- **PROBLEM TO WORK ON**
Every record below is to be retyped exactly, with any pictures left out.

- **GIVEN RECORDS**
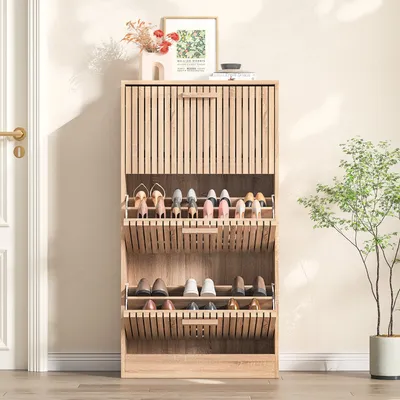 Produktbild von CDGlobal Schuhschrank mit Klappen, Schuhregal Schuhkipper Schmal, mit Fächern, Schuhschrank, Verstellbar, Anti-Kipp-Vorrichtung für Eingangsbereich, Flur, 60 x 24 x 113 cm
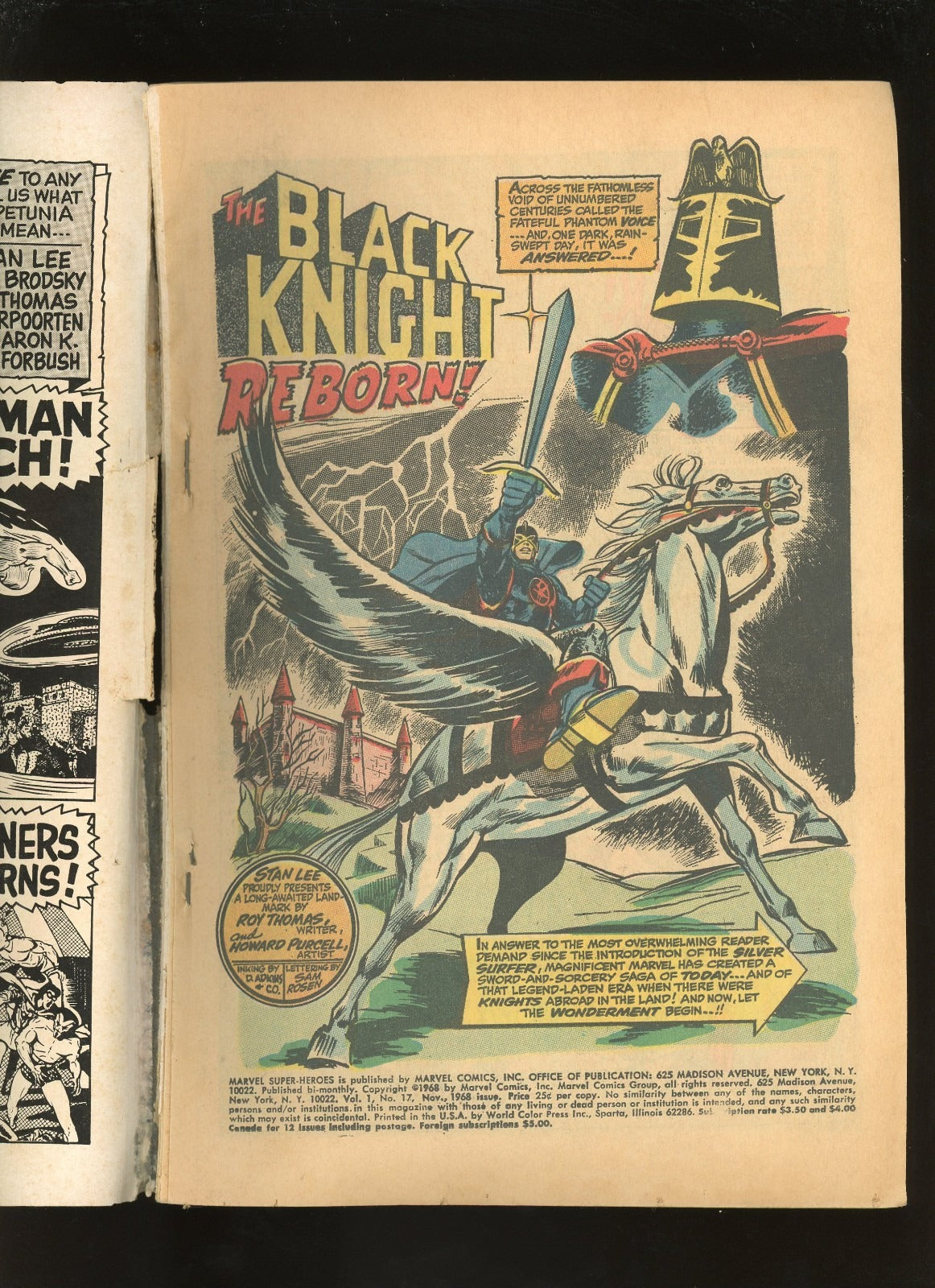 Marvel Super-Heroes #17 (1968) close up spine and edge wear condition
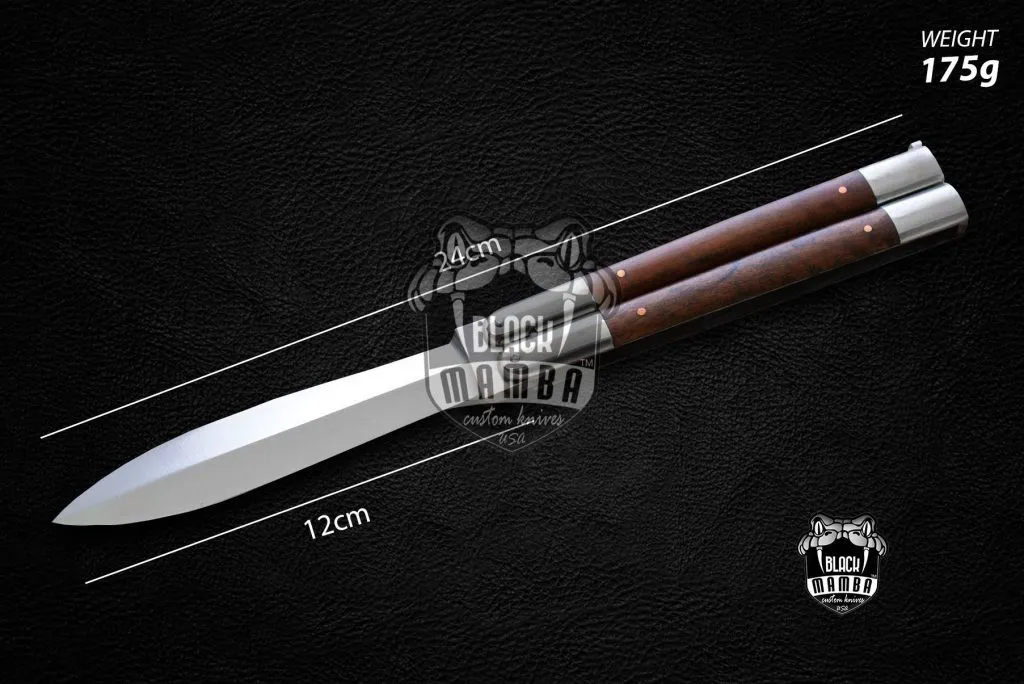 BMK-470 D2 tool steel Filipino Balisongs butterfly Stainless Steel walnut burl wood Inserts black Mamba knives world class knives - Image 2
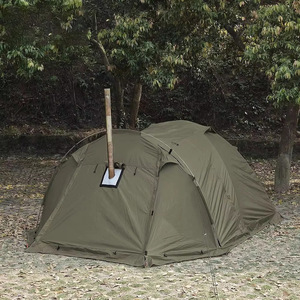 Tenda a Tunnel a Doppio Strato per Quattro Stagioni, Bivacco per Pesca alla Carpa con Canne Fumarie, Ignifuga, Impermeabile e Antivento per Campeggio - Product Image 5
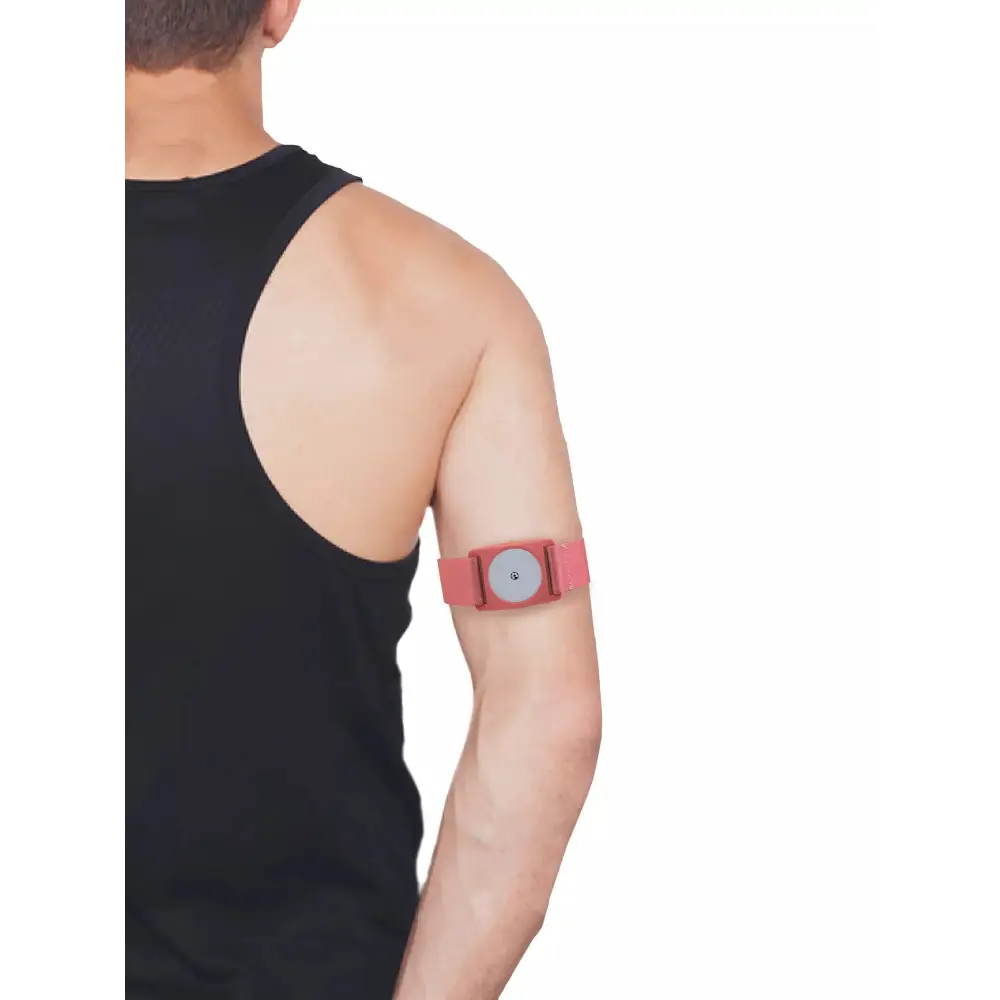 Freestyle Libre 2 Sensor Adjustable Armband - Dia-Style Barbie Edition, pink, worn on arm, for kids with diabetes.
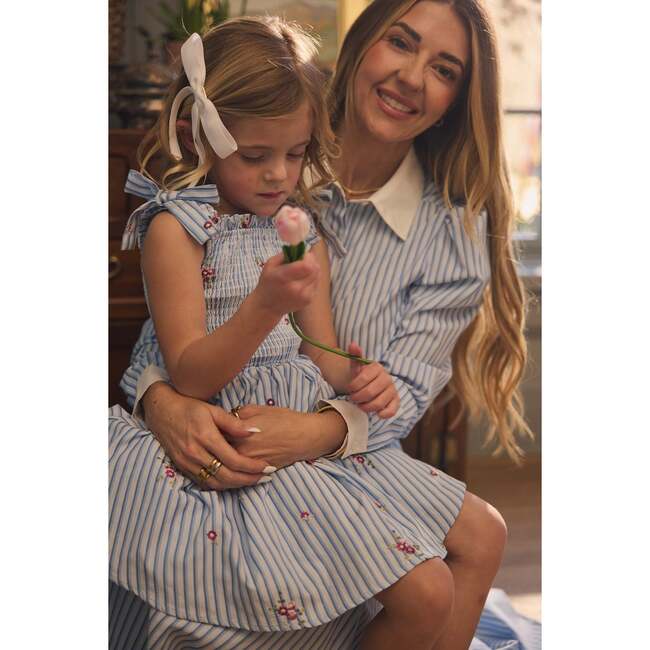 Mini Bluebell Dress in Blue & White Stripes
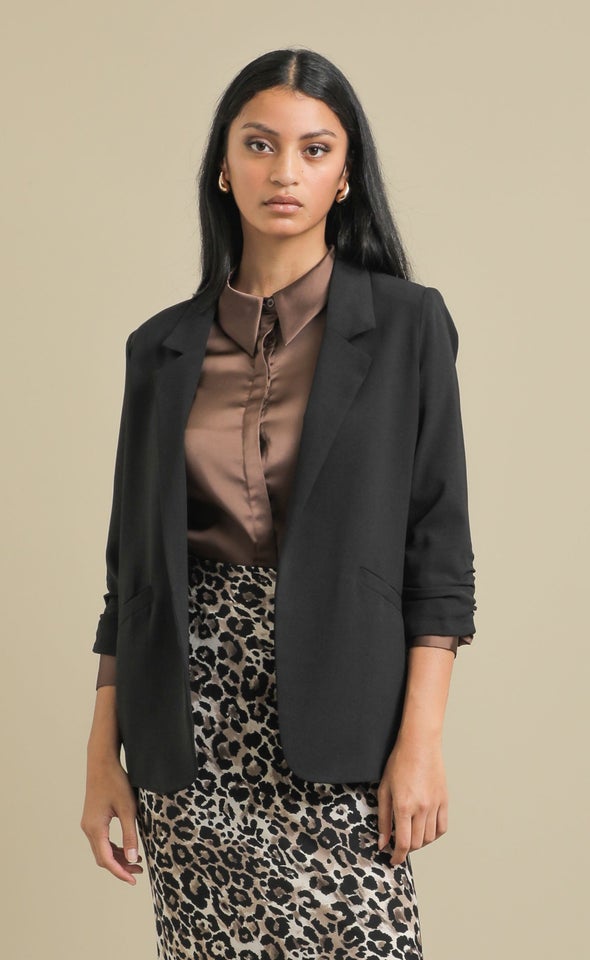 Ruched Sleeve Blazer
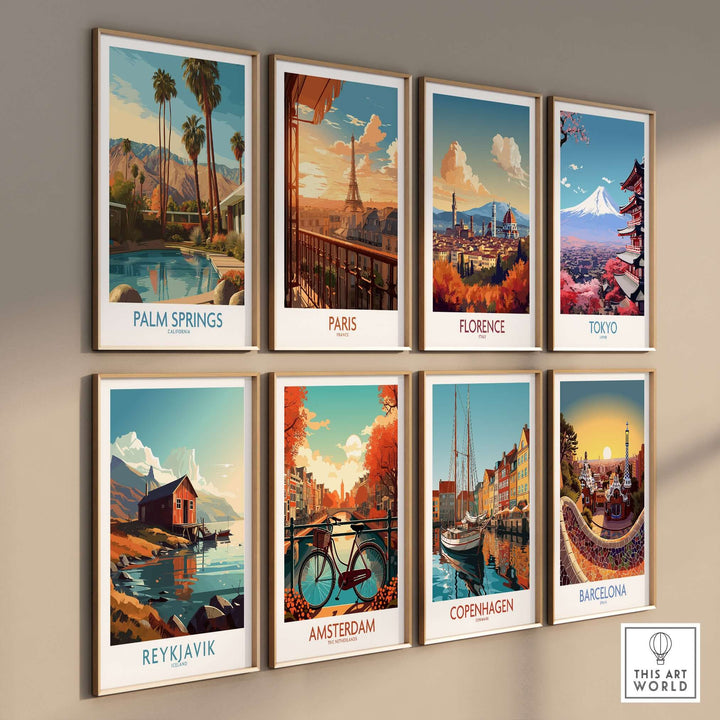 Gallery of travel prints featuring Palm Springs, Paris, Florence, Tokyo, Reykjavik, Amsterdam, Copenhagen, and Barcelona.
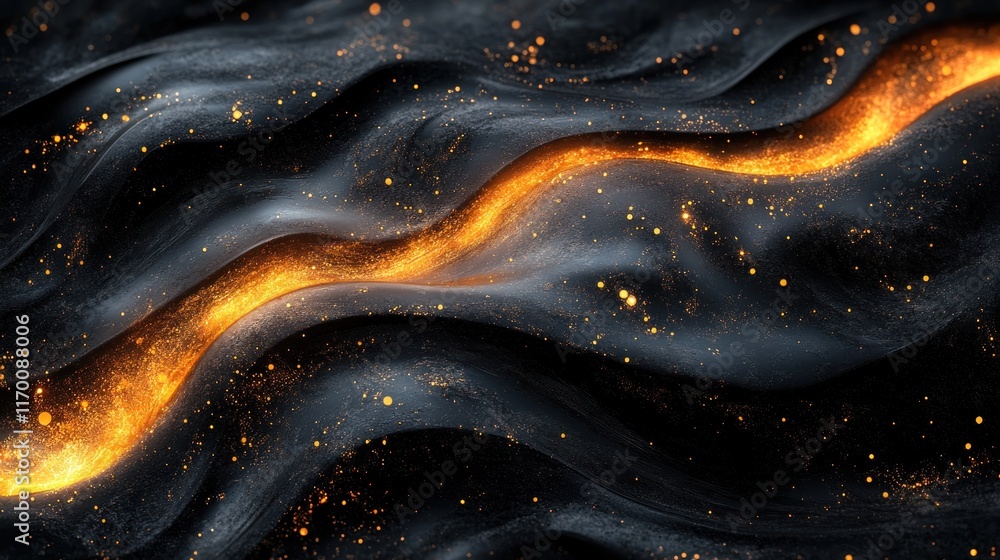 Abstract fiery stream flowing on dark wavy surface with golden sparkles. Abstract fiery stream flowing on dark wavy surface with golden sparkles.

- **SOLUTION BELOW**
 Produktbild von CDGlobal Schuhschrank mit Klappen, Schuhregal Schuhkipper Schmal, mit Fächern, Schuhschrank, Verstellbar, Anti-Kipp-Vorrichtung für Eingangsbereich, Flur, 60 x 24 x 113 cm
 Marvel Super-Heroes #17 (1968) close up spine and edge wear condition
 BMK-470 D2 tool steel Filipino Balisongs butterfly Stainless Steel walnut burl wood Inserts black Mamba knives world class knives - Image 2
 Tenda a Tunnel a Doppio Strato per Quattro Stagioni, Bivacco per Pesca alla Carpa con Canne Fumarie, Ignifuga, Impermeabile e Antivento per Campeggio - Product Image 5
 Freestyle Libre 2 Sensor Adjustable Armband - Dia-Style Barbie Edition, pink, worn on arm, for kids with diabetes.
 Mini Bluebell Dress in Blue & White Stripes
 Ruched Sleeve Blazer
 Gallery of travel prints featuring Palm Springs, Paris, Florence, Tokyo, Reykjavik, Amsterdam, Copenhagen, and Barcelona.
 Abstract fiery stream flowing on dark wavy surface with golden sparkles. Abstract fiery stream flowing on dark wavy surface with golden sparkles.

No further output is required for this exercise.